Nondirectional nanoassemblies obtained upon incubation of AuNRs@T₁₈-DNA@Ag (overgrown for 30 min, left panel) or of AuNRs@PEG-T₁₈-DNA@Ag (overgrown for 50 min, right panel) with AuNPs@A₁₈-DNA. (A,D) Schematic illustration of the formation of nondirectional nanoassemblies for both cases. (B,E) Representative TEM micrographs of the corresponding nondirectional nanoassemblies. (C,F) UV–Vis–NIR spectra of the respective building blocks and their resulting nondirectional nanoassemblies.

Figure 5

(A) Sketch of the anisotropic directional building blocks (AuNRs@T₁₈-DNA@Ag_50min, top) and their anisotropic directional nanoassemblies (bottom). The orange shading highlights the spots of highest electric-field enhancement, i.e., the strategically positioned hot-spots that can lead to SERS of the ssDNA (top panel) or of the dsDNA (bottom panel). (B) Representative SERS spectra of a single AuNRs@T₁₈-DNA@Ag (directional building block, black curve) and of a single anisotropic directional nanoassembly (red curve), as investigated by dark-field microscope (DFM)-SERS (λ_laser = 633 nm).
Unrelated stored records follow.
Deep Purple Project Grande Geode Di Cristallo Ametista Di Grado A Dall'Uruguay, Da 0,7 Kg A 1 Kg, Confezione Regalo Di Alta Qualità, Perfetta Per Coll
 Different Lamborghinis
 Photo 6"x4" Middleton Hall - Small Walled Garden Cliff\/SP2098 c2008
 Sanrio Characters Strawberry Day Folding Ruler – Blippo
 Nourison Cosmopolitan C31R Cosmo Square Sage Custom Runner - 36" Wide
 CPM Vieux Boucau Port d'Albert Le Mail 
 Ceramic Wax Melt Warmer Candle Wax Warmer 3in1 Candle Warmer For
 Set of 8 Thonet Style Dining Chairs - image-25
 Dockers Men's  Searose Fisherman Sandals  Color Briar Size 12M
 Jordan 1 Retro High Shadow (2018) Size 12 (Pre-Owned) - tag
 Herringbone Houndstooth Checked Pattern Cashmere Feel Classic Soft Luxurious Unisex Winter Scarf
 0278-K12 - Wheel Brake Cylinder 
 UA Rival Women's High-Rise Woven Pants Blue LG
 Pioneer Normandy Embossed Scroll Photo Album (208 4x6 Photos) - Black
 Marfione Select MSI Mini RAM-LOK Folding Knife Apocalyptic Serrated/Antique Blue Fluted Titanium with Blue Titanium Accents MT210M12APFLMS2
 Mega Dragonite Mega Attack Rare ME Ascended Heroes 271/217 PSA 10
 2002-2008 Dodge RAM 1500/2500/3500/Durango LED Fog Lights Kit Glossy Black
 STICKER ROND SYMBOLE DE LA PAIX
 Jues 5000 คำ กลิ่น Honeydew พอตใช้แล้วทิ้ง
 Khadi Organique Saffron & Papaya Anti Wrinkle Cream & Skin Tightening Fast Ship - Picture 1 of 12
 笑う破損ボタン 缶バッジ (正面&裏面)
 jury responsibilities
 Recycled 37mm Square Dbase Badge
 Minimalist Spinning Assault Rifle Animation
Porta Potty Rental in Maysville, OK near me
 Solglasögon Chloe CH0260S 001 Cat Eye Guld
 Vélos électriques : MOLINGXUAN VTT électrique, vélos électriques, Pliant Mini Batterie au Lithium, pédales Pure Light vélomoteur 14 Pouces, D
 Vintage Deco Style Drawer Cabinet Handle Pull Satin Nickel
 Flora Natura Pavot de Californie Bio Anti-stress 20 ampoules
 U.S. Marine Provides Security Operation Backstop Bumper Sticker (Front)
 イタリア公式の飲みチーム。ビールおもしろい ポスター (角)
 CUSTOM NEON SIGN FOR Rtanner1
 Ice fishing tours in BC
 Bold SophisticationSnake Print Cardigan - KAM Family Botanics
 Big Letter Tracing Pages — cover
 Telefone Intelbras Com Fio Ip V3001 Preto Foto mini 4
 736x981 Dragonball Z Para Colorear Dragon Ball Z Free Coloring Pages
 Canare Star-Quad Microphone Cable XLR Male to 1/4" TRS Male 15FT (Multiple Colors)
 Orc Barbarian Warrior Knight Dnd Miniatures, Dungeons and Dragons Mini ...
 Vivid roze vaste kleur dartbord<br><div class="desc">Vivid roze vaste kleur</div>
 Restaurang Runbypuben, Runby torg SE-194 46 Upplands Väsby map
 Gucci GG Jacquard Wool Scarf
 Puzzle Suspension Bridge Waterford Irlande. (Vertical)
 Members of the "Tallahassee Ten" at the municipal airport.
The characteristic SERS peaks from A and T are indicated.

Figure 6

(A) Magnified depiction of a SYBR-gold-tagged anisotropic directional nanoassembly spin-coated onto a glass substrate. The SYBR gold intercalates within the dsDNA. The plasmonic hot-spot is depicted in orange. (B) Representative SERS spectrum from a SYBR-gold-tagged directional nanoassembly. The signature peaks of adenine (A), thymine (T), and SYBR gold are indicated.